> Task to carry out
Every line of the entries below that includes "with" belongs in the answer, copied as written.
• • • •
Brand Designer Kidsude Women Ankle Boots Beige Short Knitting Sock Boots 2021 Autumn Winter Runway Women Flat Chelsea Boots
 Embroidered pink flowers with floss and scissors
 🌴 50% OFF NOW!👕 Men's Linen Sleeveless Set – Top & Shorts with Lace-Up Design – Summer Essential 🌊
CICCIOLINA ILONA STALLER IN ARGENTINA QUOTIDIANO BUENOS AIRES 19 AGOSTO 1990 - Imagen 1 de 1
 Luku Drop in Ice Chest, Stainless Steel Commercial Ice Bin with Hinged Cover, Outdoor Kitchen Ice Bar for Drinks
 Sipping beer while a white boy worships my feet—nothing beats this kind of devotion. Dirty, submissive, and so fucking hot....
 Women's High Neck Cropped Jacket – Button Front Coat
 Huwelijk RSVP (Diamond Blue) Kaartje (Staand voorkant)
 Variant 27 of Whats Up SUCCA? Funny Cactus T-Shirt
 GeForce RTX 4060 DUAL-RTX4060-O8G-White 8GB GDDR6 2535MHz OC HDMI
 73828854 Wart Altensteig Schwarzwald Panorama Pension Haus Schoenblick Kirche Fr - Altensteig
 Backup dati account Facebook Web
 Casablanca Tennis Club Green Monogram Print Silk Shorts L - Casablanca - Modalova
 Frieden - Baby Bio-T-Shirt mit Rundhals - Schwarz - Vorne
• • • •
> Output of the task
 Embroidered pink flowers with floss and scissors
 🌴 50% OFF NOW!👕 Men's Linen Sleeveless Set – Top & Shorts with Lace-Up Design – Summer Essential 🌊
 Luku Drop in Ice Chest, Stainless Steel Commercial Ice Bin with Hinged Cover, Outdoor Kitchen Ice Bar for Drinks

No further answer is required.